PSX extends losses amid profit-taking, foreign outflows concerns

KSE-100 Index falls 2,671.87 points, or -2.41%, to intraday low of 108,398.42

Broker is busy in trading at Pakistan Stock Exchange in Karachi on Wednesday, December 11, 2024. — PPI
Broker is busy in trading at Pakistan Stock Exchange in Karachi on Wednesday, December 11, 2024. — PPI

The capital market remained under intense selling pressure on Thursday, continuing its decline from the previous day as aggressive profit-taking and cautious investor sentiment due to concerns over foreign outflows.

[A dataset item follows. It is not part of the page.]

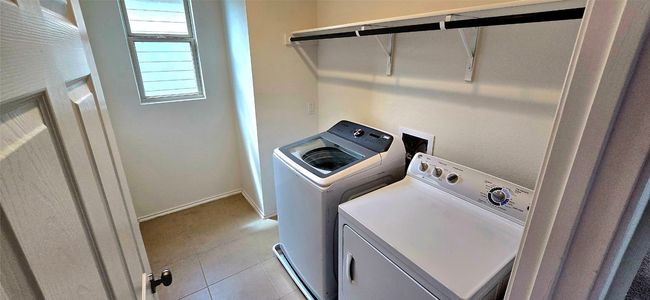 Laundry area featuring independent washer and dryer and light tile patterned floors | Image 29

The Pakistan Stock Exchange’s (PSX) benchmark KSE-100 Index dropped 2,671.87 points, or 2.41%, to a low of 108,398.42 during early trading, extending losses from Wednesday’s historic single-day fall of 3,790 points, the largest point-wise decline in PSX history. The index closed Wednesday at 111,070.29 after a session marked by a sharp reversal from early gains.

Ahsan Mehanti, Managing Director and CEO of Arif Habib Commodities, said: “Stocks [are] bearish on concerns for foreign outflows and cautious SBP policy easing on susceptible multiple risks.

Consolidation in blue-chip scrips, rupee instability, and weak global crude oil prices played a catalyst role in bearish activity.”

Data from the SBP showed a sharp rise in profit and dividend repatriations by multinational companies. Repatriations surged by 112% year-on-year to $1.128 billion during the first five months of FY25, reflecting unrestricted dollar outflows amidst improved foreign exchange reserves.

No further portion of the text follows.